Then, when working on another site yesterday, a Base64 encoding and Base64 decoding experiment, I needed an XML sitemap yet again. So I improved up the XML Sitemap PHP Script a bit further and decided it should be released.
Why make an XML Sitemap for Static Files?
Let’s first address the “why” of this script: in lots of cases, you’ll have static files, either they’re PDF’s, or static PHP or HTML files that create a site. I want all of those in an XML sitemap for two reasons:
- to tell Google that they’re there;
- to be able to see in Google Webmaster Tools whether they’re all indexed.
This script assumes that all those files are in one directory. I know that’s a bit “lazy”, but if your site spans a lot of directories you probably should be using a CMS.
Configuring the XML Sitemap PHP script
Of course this script needs a bit of configuration before it’ll work well. It has the following constant & variables:
- SITEMAP_DIR
The directory to search for files in. - SITEMAP_DIR_URL
The URL to the Sitemaps directory - RECURSIVE
Whether or not the script should parse recursively. - $filetypes
An array of all the file types that you wish to include in your XML sitemap. - $replace
An array of all the files that should be replace with other URL’s, useful to, for instance, replace ‘index.php’ with an empty string, so it’ll look like just example.com/ - $ignore
An array of all the files to ignore in the XML sitemap, useful for your config.php, for instance - $xsl
A relative path to the XSL file included in the script from the SITEMAP_DIR_URL location. - $chfreq
The change frequency for files, can be ‘hourly’, ‘daily’, ‘monthly’ or ‘never’. - $prio
The priority, a value between 0 and 1, since you can’t differentiate between files, there’s no big harm in setting them all to 1.
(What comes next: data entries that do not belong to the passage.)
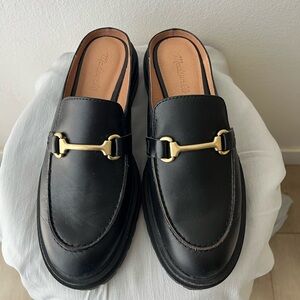 Women’s 8.5 LEATHER Madewell Black Loafers with Gold Accent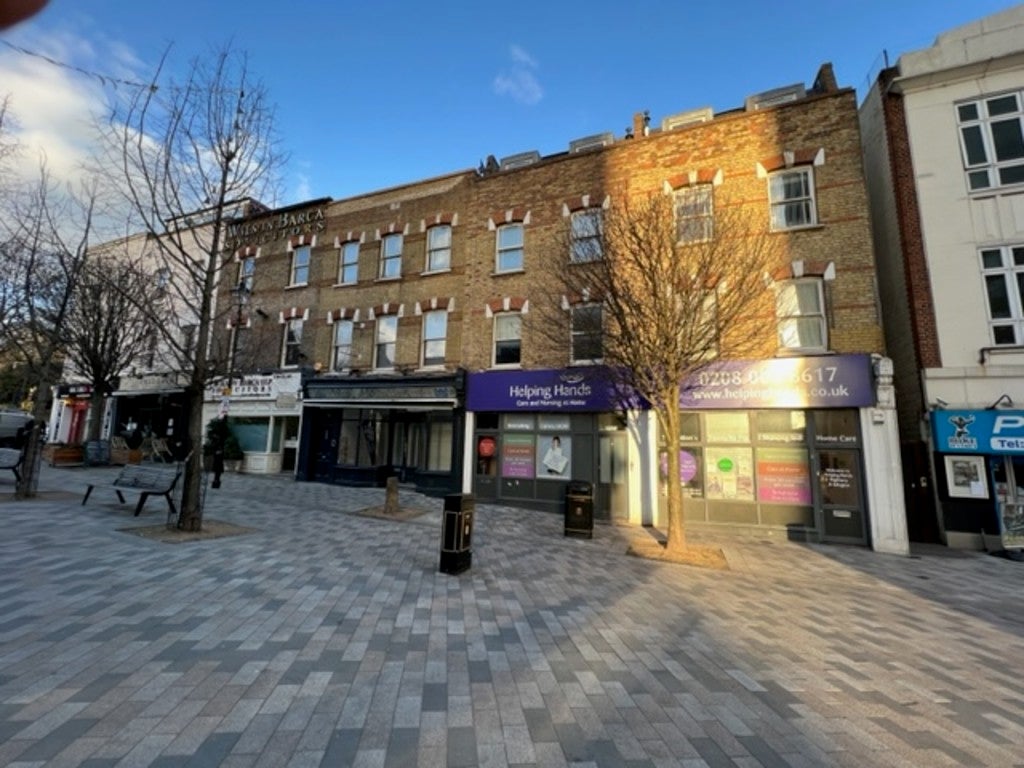 Flat Navigator Square in Greater London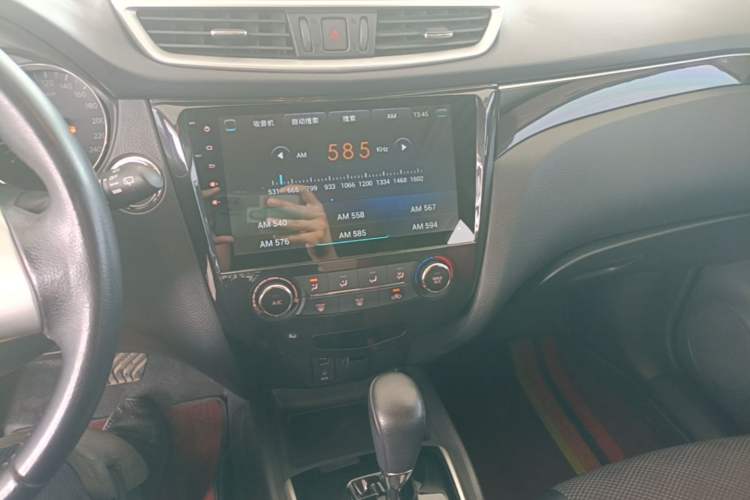 Used Nissan Qashqai 2016 2.0L CVT Luxury Edition Audio And AC Panel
Styling the output of our XML Sitemap PHP Script
Of course, we’ll want our XML Sitemap to look good, as well as work well. For that we use an XSL stylesheet which is included in the download. It makes the XML sitemap look like this:
Download XML Sitemap PHP Script
I’ve added the whole script on Github, so you can play, fork, etc. Or you could just download the zip.
Update 2012-09-29: I’ve updated the script to work recursively and fixed a few minor issues.
Coming up next!
-
Event
WordCamp Netherlands 2024
November 29 - 30, 2024 Team Yoast is at Sponsoring WordCamp Netherlands 2024! Click through to see who will be there, what we will do, and more! See where you can find us next » -
SEO webinar
The SEO update by Yoast - October & November 2024 Edition
26 November 2024 Get expert analysis on the latest SEO news developments with Carolyn Shelby and Alex Moss. Join our upcoming update! 📺️ All Yoast SEO webinars »
Is there any way that we can rewrite our url in the sitemap, as we use Amazon S3 and CloudFront plugin that uploads our images to Amazon, so an image src becomes from:
h**p://my-domain/blog/wp-content/uploads/2014/10/image.jpg
to:
h**ps://s3.amazonaws.com/mybucket/blog/wp-content/uploads/2014/10/image.jpg
This is such synchronicity!
My co-worker recently had to work on a very old website, and needed to redirect all of the 100+ page links to the new site’s equivalents through htaccess. He did not want to do this manually, which involved finding each page, inside folders, etc. He told me he was working on a script similar to yours. I will pass this along and maybe he will be virtually hugging you if it does help him!
Merci!
Nice little utility, Joost. I’m using Arne Brachhold’s Sitemaps generator plugin on learncomputer.com. Will try to poke around to see if I can wedge this script into it. Should be a fun little project! Thanks!
This is interesting. Aren’t there utilities on the web that will build XML sitemaps from static sites for you?
I remember using them prior to moving to WordPress.
Hi Joost:
I understand the purpose of evergreen blog posts, but I don’t quite understand the infrequency with which you post them! Almost a month since the last post now?
Jonesing for more…
S
Thanks for sharing Joost. I’ll use in my future projects.
That’s an excellent time save. No more manually updating HTML files until the end of time.
Hi Joost.
This very good what you’re doing, you’re a very skilled person, I hope you develop as plugins to make it easier to use.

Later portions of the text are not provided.